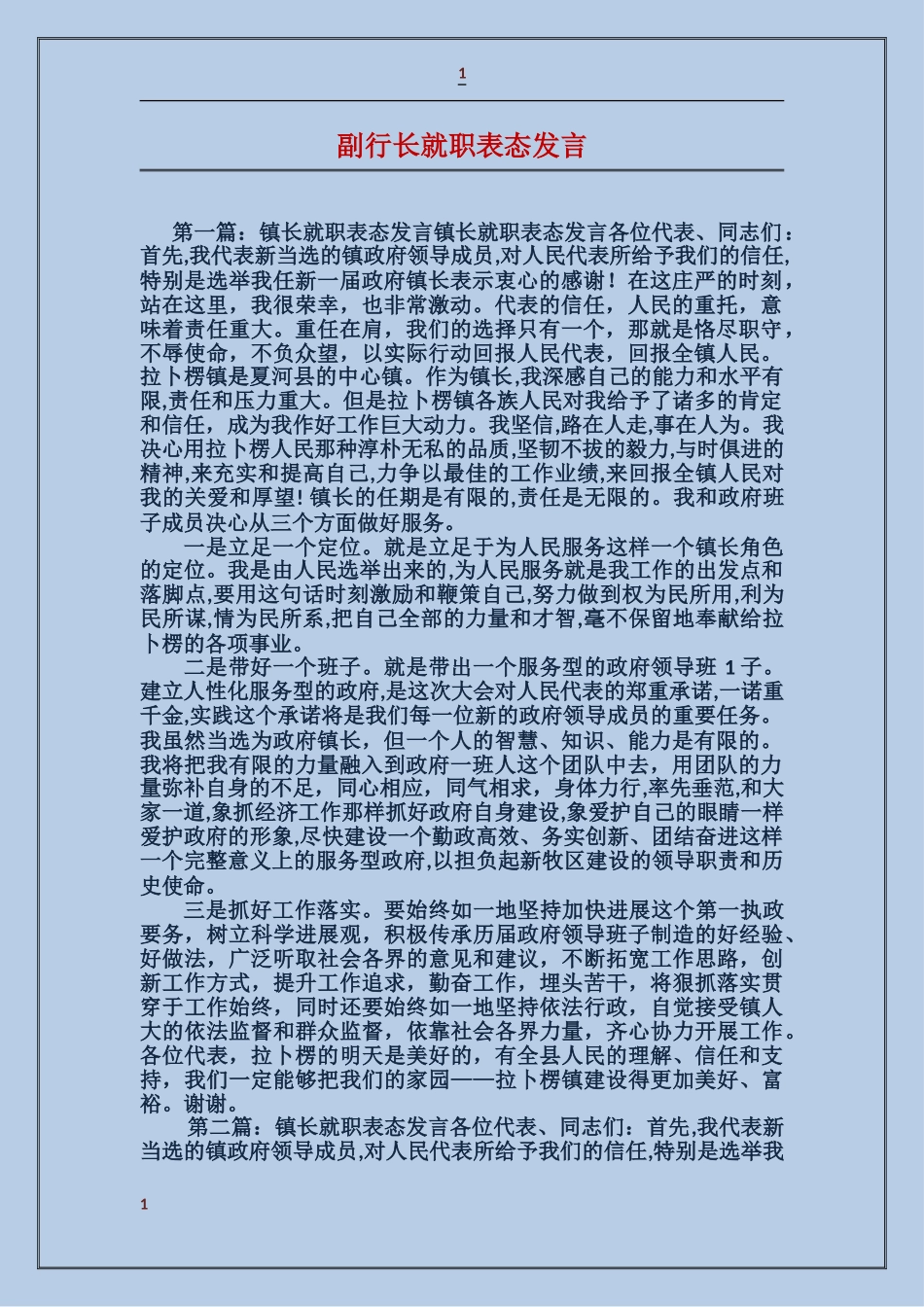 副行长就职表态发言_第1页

^^^^^^^^

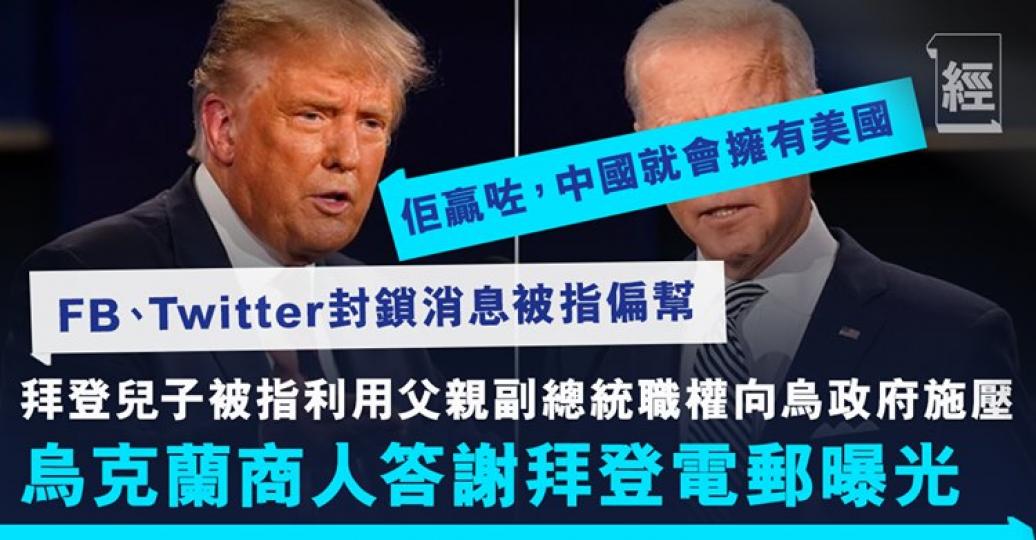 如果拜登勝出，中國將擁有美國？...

^^^^^^^^

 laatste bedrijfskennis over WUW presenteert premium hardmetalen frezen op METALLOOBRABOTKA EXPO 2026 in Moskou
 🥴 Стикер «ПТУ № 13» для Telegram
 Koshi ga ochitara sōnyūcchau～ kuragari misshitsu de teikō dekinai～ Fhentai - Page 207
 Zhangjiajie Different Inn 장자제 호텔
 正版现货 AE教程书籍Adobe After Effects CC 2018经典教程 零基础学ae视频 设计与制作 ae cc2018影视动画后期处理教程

^^^^^^^^

Every line above from the line with "Zhangjiajie Different Inn 장자제 호텔" to the line with "正版现货 AE教程书籍Adobe After" is wanted, ends included; write them out exactly and add no other line.

→ **Solution for this task**:
 Zhangjiajie Different Inn 장자제 호텔
 正版现货 AE教程书籍Adobe After Effects CC 2018经典教程 零基础学ae视频 设计与制作 ae cc2018影视动画后期处理教程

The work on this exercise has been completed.